• **YOUR OBJECTIVE**:
Among the records below, find the line with "A circular metal" and the line with "91家纺网 家纺一手货源 找家纺". Set down both and every line between, exactly and with no pictures, but nothing else.

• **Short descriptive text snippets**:
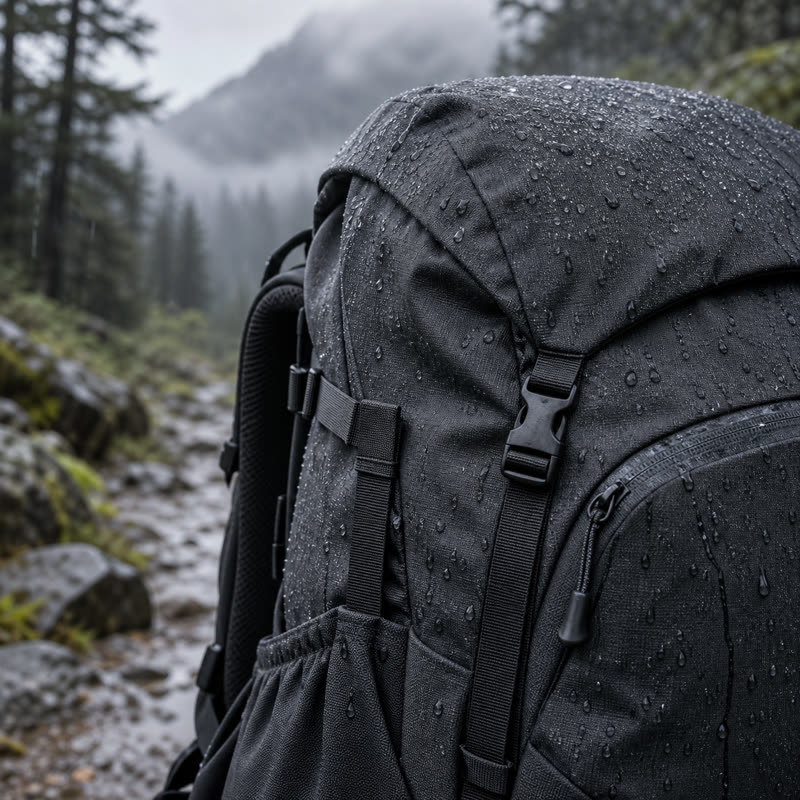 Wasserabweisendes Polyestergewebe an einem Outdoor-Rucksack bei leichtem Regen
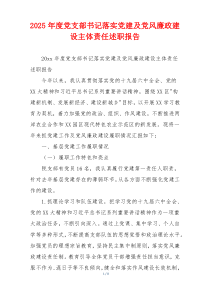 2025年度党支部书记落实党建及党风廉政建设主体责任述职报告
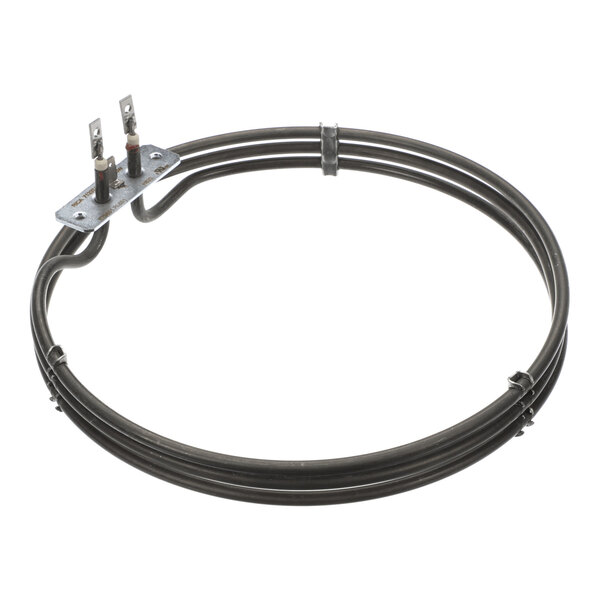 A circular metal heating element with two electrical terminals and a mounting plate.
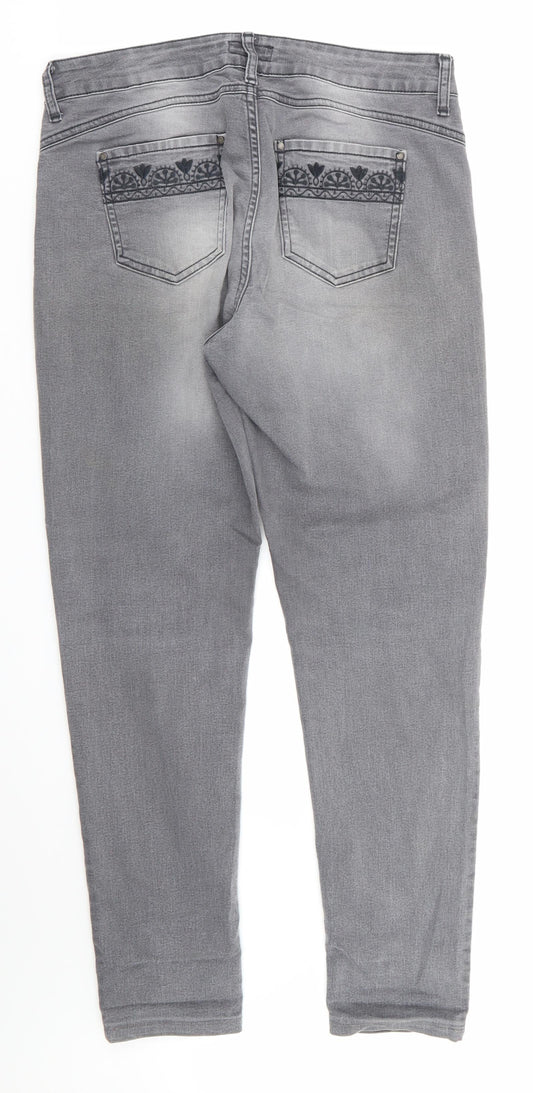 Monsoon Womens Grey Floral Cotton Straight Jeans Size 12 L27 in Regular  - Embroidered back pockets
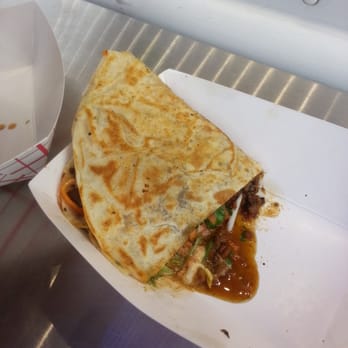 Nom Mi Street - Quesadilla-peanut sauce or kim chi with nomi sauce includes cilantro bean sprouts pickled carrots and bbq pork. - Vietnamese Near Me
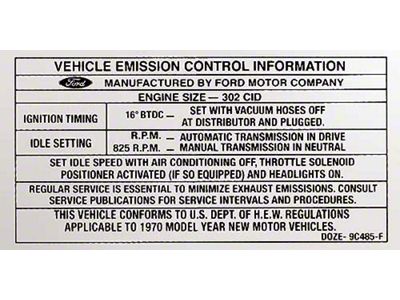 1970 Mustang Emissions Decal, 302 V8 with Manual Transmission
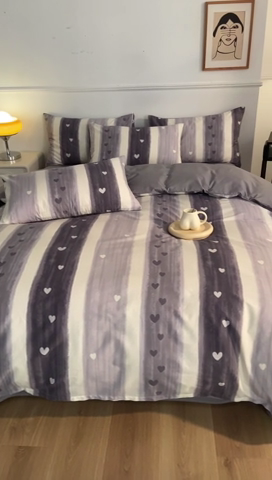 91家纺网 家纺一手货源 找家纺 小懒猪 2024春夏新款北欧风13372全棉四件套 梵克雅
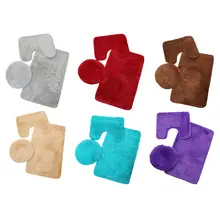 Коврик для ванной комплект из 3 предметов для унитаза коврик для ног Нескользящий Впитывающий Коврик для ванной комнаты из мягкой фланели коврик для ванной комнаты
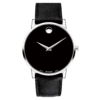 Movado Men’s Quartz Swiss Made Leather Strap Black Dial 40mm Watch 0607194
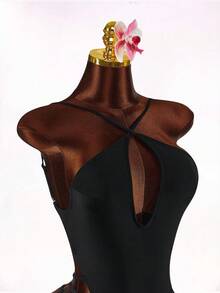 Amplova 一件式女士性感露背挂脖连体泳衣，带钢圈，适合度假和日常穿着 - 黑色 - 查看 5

• **EXERCISE RESULT**:
 A circular metal heating element with two electrical terminals and a mounting plate.
 Monsoon Womens Grey Floral Cotton Straight Jeans Size 12 L27 in Regular  - Embroidered back pockets
 Nom Mi Street - Quesadilla-peanut sauce or kim chi with nomi sauce includes cilantro bean sprouts pickled carrots and bbq pork. - Vietnamese Near Me
 1970 Mustang Emissions Decal, 302 V8 with Manual Transmission
 91家纺网 家纺一手货源 找家纺 小懒猪 2024春夏新款北欧风13372全棉四件套 梵克雅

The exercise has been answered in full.